TASK DIRECTIONS:
From the listing below, restate word for word the lines from the line containing "AKC Kimber –" down through the line containing "Horses horse heads sky". Exclude pictures.
───── STORED DATA
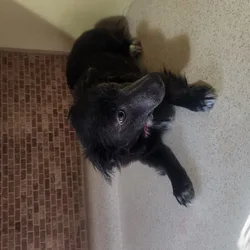 2 FREE Dogs to be rehomed immediately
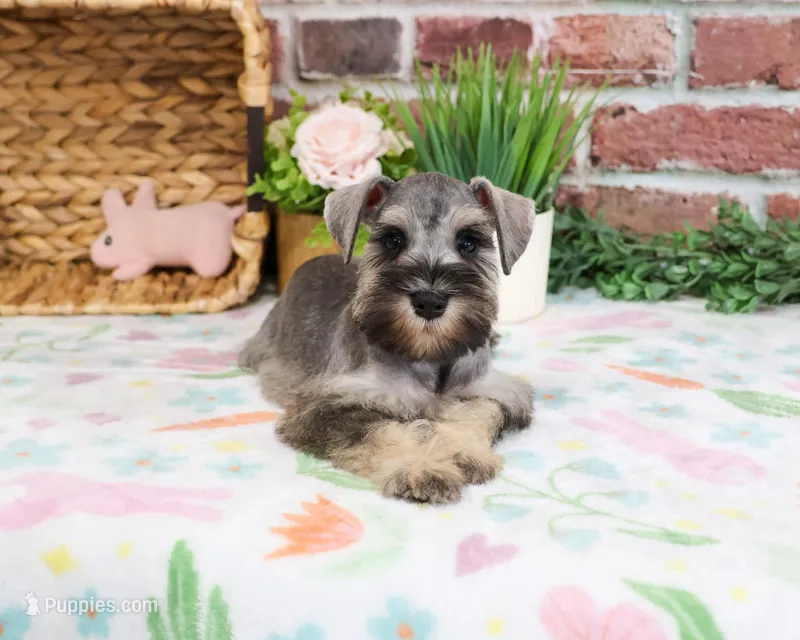 AKC Kimber – Miniature Schnauzer puppy for sale in Syracuse, IN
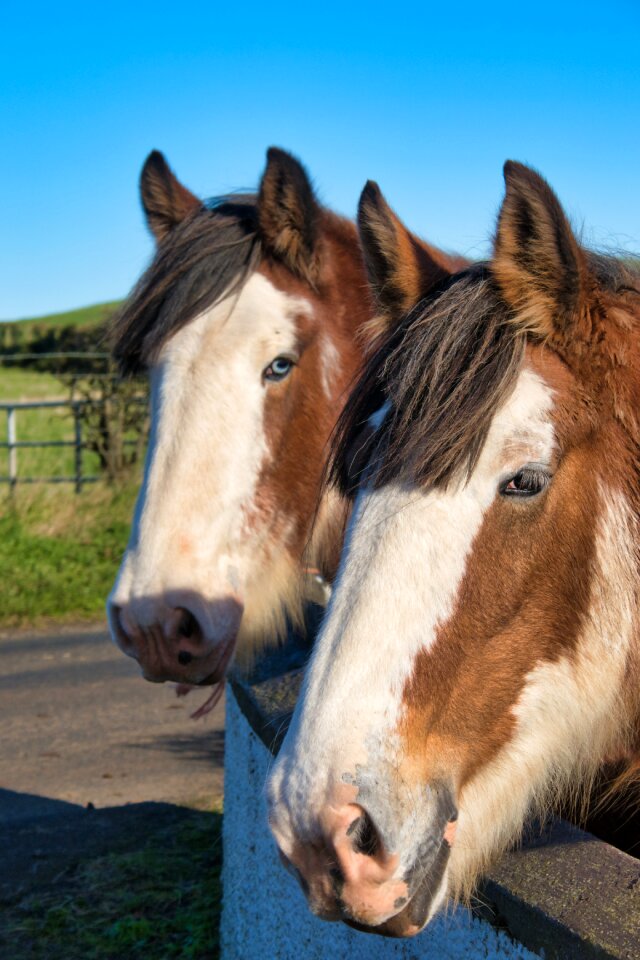 Horses horse heads sky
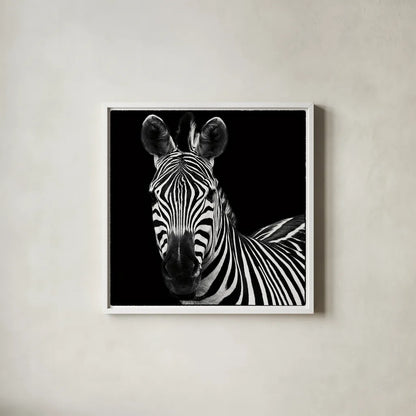Zebra II Square by Debra Van Swearingen. Shown in a crisp white glass frame for a clean and minimalist style. Available as an archival giclee rolled canvas, fine art paper, or poster print. SKU 16455a.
──────────
WRITTEN ANSWER:
 AKC Kimber – Miniature Schnauzer puppy for sale in Syracuse, IN
 Horses horse heads sky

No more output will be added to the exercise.